As before, you play as either the ice-cold ninja Rikimaru or the La Femme Nikita-ish Ayame - both of whom are entrusted with accomplishing a variety of missions for their master, such as assassinating an evil local lord or collecting a well-guarded magical flower to save an ailing princess. Besides achieving each level's main goal, you also must try your best to keep from being spotted, by hiding behind corners and springing on enemies as they walk by. Or you can use a grappling hook to ascend to rooftops and drop down on your enemies as well. Tenchu: Stealth Assassins possessed surprising replay value because you could return to each level and try to win it without being seen at all. While doing so for each character within each level didn't exactly open up any big extras or bonuses, it made you feel action-movie cool, letting you bear the title Grand Master. Lying in wait for sentry after sentry to turn his back on you made for a lot of hair-pulling moments, but becoming a Grand Master was no small feat to pull off and getting there was a great deal of fun.T:SH loses that element of enjoyment by instituting a time limit within each level.

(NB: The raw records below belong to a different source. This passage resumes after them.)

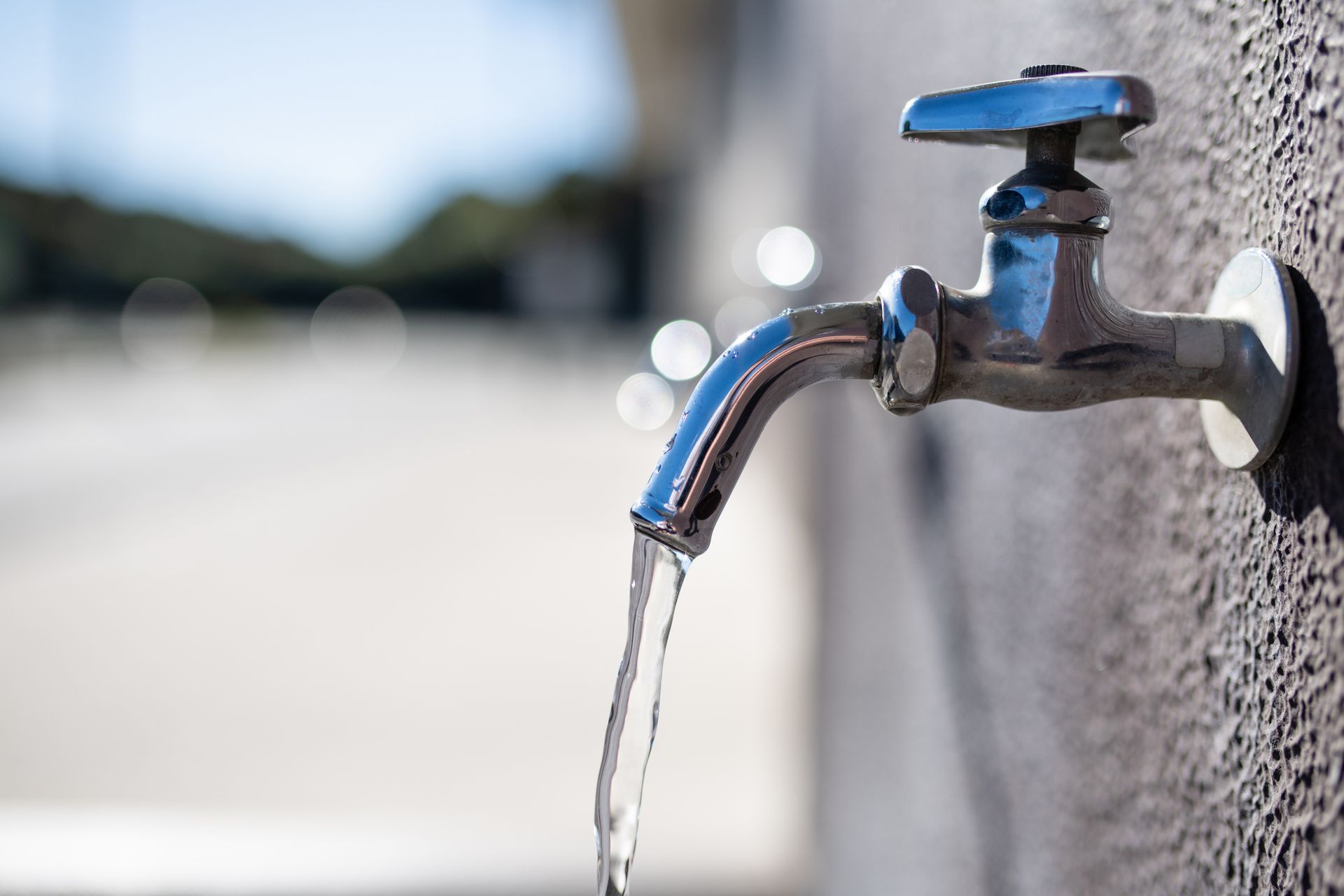 A close up of a water faucet with water running out of it.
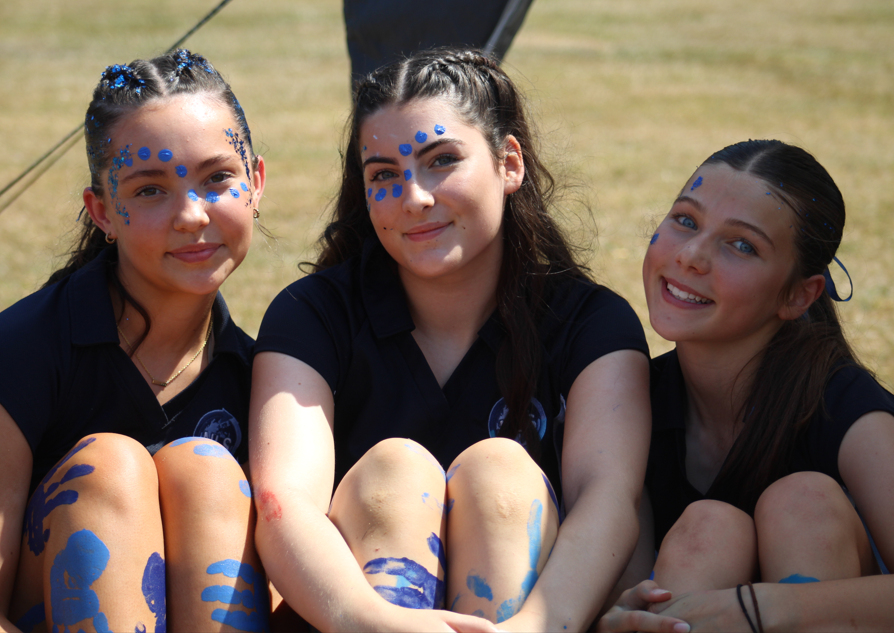 hotograph of three girls sitting outdoors on grass, each with blue face and body paint in patterns including dots and handprints. They wear dark shirts and smile at the camera, suggesting participation in a group or team event with a playful and creative atmosphere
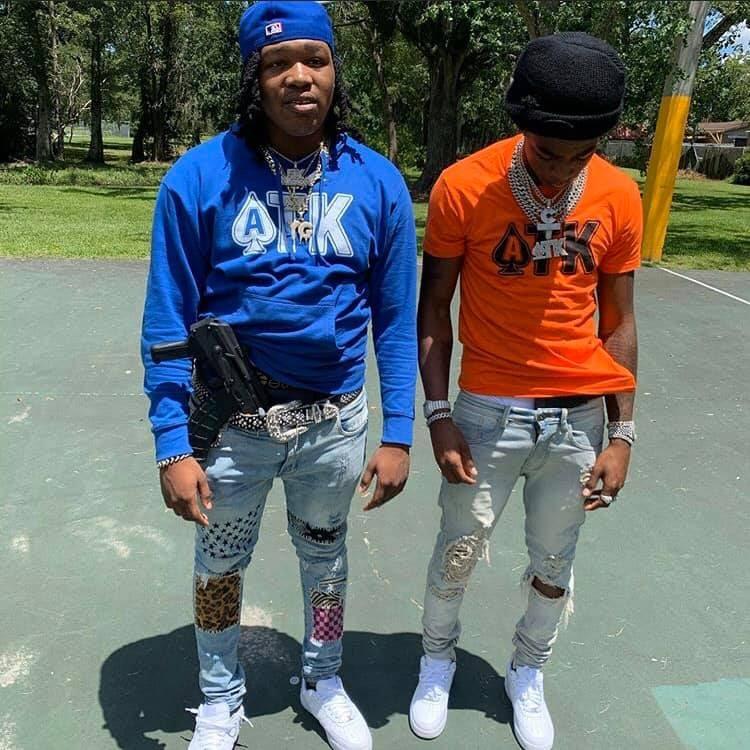 A picture containing person, tree, outdoor, skating

Description automatically generated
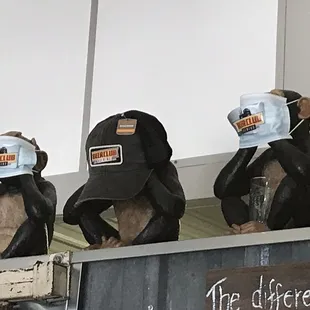 three mannequins wearing hats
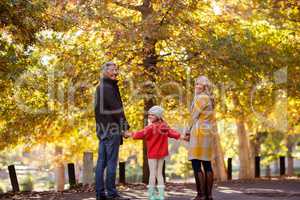 Portrait of family standing by trees
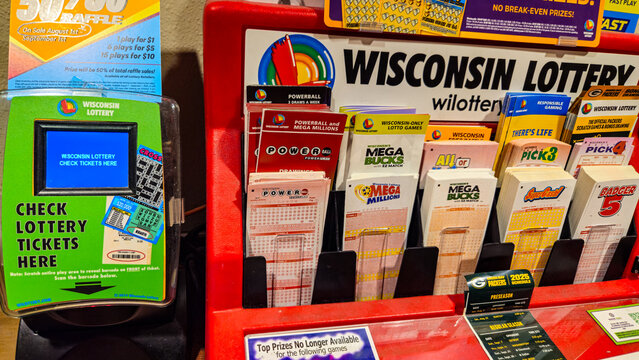 A display for the Wisconsin Lottery at a retail establishment, showcasing different games available, including Powerball and Mega Millions on August 3, 2025. For Editorial Use Only.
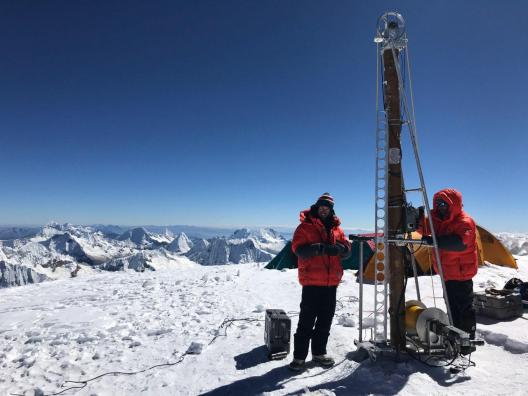 Schoessow and Kutuzov operate the ice core drill at the summit of Huascaran, Peru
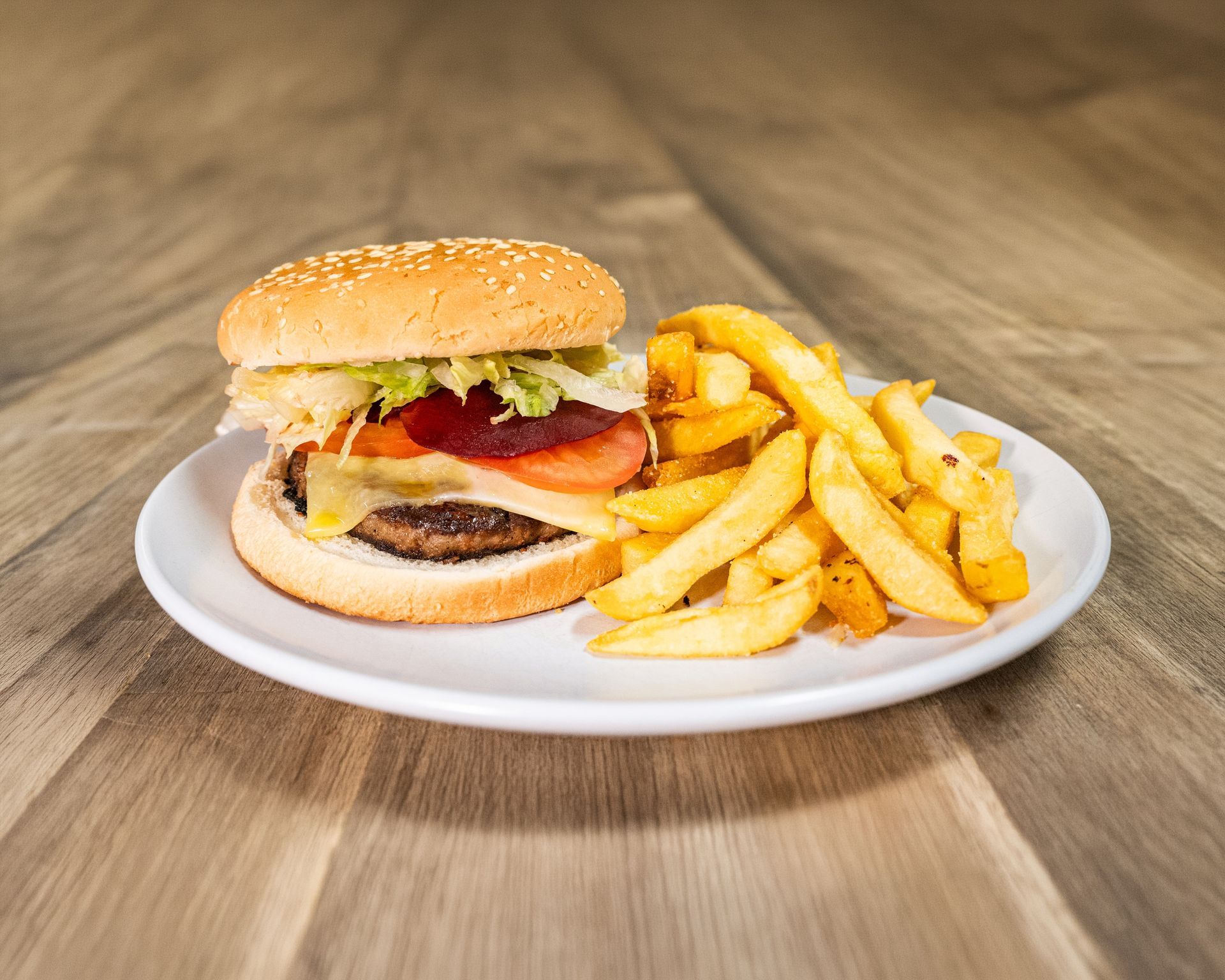 Burger with fries on a white plate, set on a wooden table.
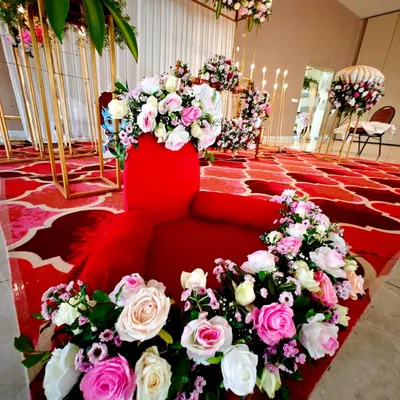 A beautiful setup for a naming ceremony, featuring a red velvet seat adorned with a garland of pink and white roses.
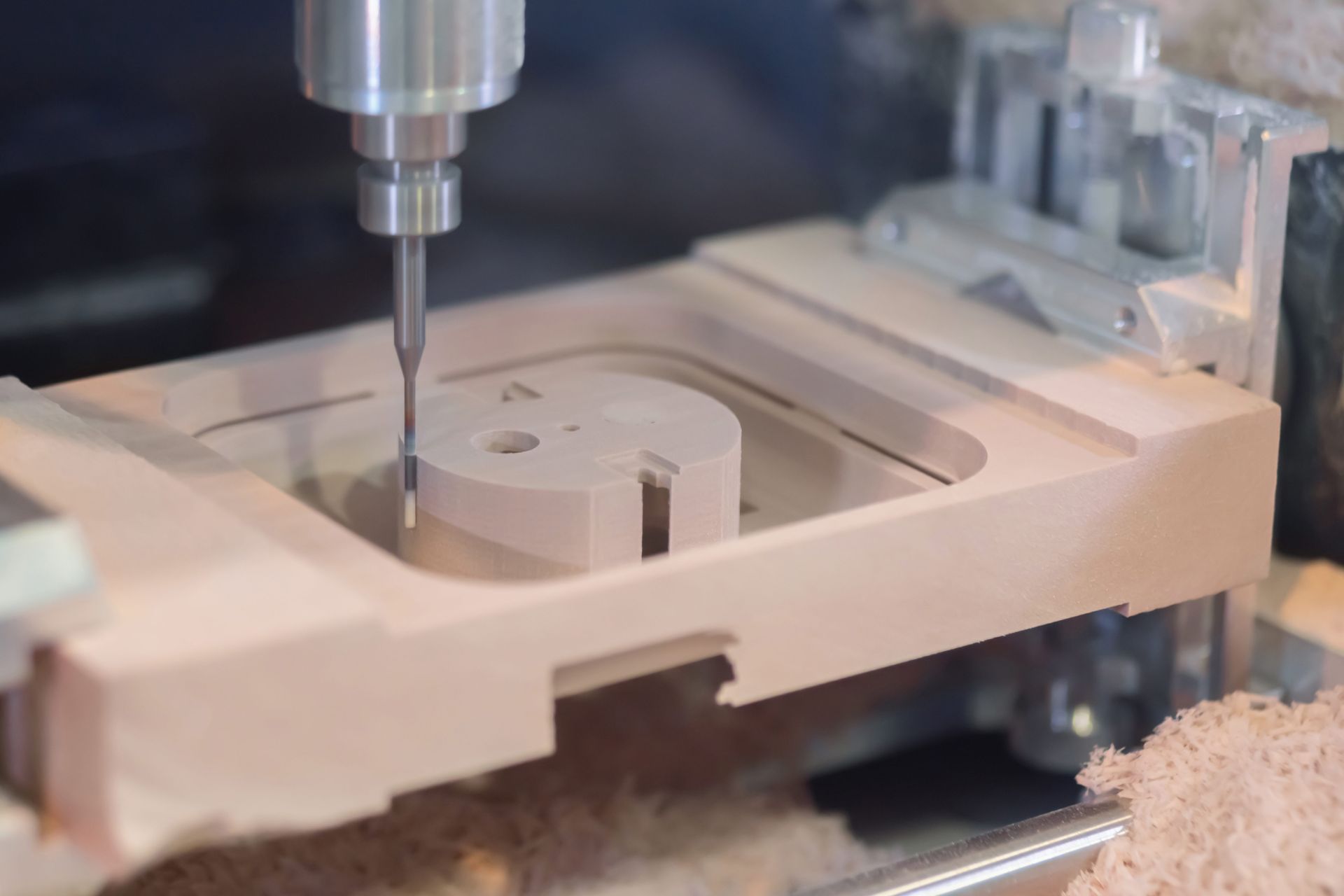 CNC machine milling a beige plastic part with a metal bit in a workshop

Gone is the sense of roaming free in the environment and carefully, quietly plotting your moves because now you have to complete every level before the clock runs out. If you defeat the first batch of stages under the time limit, you open up the second grouping, and so on. So instead of being able to take the time to master each level, you have the remedial chore of beating the clock that is prodding you along. Even though for every instance you're spotted, ten seconds are subtracted from the overall, continuously reducing time limit, in most cases you can just run through to the end goal, letting yourself be seen several times, and still finish a winner. The motivation for you to use skill over treachery is severely lacking in T:SH because you're not only not rewarded for your proficiency, you're penalized for it.
With 100 levels, it's tempting to assume the game at least has value. But what really detracts from the overall depth is that the game doesn't furnish 100 good levels. In fact, only a handful of levels really stand out, such as the few wherein you must escort Princess Kiku to her father or wipe out every enemy in the level. Still, the most die-hard of Tenchu fans will grow tired of this game within the span of a few hours. The graphics suffer from the same pop-up the original did, and at this time the title appears even more dated. The fantastic soundtrack lacks any new songs, and it is repeated now across 100 levels instead of just ten. Those who had hoped that importing T:SH would lessen the anxiety of the wait for the Tenchu sequel are well advised to sit tight for a while longer. It's no wonder Activision decided not to bring this game out in the States.